A newly-founded Taiwanese party has lifted up a peculiar platform – the founders want to clear the somewhat shady reputation of the 19th-century Chinese game mahjong and “make the game great again”.
New Taiwanese Party Wants to Promote Mahjong
AFP reported that Taiwanese mahjong parlor owner Kuo His has started a political party called Mahjong the Greatest with the sole purpose of “making mahjong great again”.
The party wants to proclaim mahjong as a “legitimate recreation” and will work for prize money and placing bets to be allowed as part of the game.
The political project, which was started just last month has already succeeded in attracting 120 members. Kuo His hopes to reach 10,000 by the end of December 2022. His hopes are based on the fact that in Taiwan, about 4-5 million people play the game.
Playing mahjong is not illegal in Taiwan, however, the game is looked upon with suspicious eyes as it is usually associated with gambling. Gambling, on the other hand, is strictly prohibited in the country.
Mahjong players and parlors are often pestered by the police who make checks and raids in order to ensure there is no gambling involved. So many mahjong lovers shy away from playing because of fears of being detained by the police.
The shady reputation of the age-old Chinese game is due to the fact that some criminal groups have used the game to make profits by organizing Illegal gambling on mahjong games – an illegitimate activity that is known to be quite lucrative.
Mahjong Can Make Elderly People Happier
Kuo His, who is 65 years old, highlights that mahjong is particularly popular among elderly people in Taiwan who make up about 17% of the population.

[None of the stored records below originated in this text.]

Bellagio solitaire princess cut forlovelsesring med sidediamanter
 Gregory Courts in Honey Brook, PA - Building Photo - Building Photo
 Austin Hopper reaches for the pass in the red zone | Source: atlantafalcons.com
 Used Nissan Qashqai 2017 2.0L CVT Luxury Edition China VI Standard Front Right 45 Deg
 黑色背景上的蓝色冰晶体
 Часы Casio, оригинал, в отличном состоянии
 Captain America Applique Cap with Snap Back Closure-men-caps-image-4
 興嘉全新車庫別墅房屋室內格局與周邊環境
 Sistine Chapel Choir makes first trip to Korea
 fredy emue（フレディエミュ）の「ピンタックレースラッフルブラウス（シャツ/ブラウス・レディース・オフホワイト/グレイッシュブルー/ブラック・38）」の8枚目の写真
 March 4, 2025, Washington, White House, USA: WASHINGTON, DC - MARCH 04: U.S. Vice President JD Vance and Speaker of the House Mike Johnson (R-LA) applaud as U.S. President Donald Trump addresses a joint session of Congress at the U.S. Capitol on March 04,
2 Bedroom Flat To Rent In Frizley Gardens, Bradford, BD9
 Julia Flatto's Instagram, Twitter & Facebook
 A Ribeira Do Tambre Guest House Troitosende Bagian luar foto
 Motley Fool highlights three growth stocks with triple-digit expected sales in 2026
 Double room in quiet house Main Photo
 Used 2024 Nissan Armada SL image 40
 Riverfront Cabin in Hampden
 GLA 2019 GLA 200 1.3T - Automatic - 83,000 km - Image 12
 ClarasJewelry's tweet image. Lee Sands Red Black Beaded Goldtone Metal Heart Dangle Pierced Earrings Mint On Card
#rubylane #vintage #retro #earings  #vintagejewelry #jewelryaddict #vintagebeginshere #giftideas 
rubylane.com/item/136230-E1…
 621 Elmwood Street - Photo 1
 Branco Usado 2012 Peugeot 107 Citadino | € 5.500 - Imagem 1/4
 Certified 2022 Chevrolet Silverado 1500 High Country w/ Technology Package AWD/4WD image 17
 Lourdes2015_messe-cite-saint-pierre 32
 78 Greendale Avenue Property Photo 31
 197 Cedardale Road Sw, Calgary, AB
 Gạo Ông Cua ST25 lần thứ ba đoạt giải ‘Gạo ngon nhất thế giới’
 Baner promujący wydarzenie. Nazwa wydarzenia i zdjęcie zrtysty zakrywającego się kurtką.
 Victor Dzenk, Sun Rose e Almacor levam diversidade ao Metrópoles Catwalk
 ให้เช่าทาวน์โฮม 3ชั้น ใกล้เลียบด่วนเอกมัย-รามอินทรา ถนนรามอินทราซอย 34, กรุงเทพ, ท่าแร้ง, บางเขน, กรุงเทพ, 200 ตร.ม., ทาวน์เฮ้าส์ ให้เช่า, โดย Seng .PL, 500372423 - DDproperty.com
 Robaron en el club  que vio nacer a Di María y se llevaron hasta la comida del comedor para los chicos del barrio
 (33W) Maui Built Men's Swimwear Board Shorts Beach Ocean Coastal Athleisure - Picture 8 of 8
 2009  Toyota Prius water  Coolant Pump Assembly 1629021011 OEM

As this percentage of the country’s 23.5 million population is projected to increase to 20% in 2025, Kuo His has a sound foundation for growing his party.
As the owner of a mahjong parlor, he has a personal and business interest in a change of legislation surrounding the game, yet he also underlines that he wants mahjong to become a gathering point for elderly people.
Currently, most Taiwanese residents aged above 65 stay at home and watch TV as there is not much else for them to do.
However, the Mahjong the Greatest founder believes that clearing the stigma around mahjong will give the opportunity to elderly the to come together, play the game, have social interactions with people their age, and, consequently, improve their quality of life.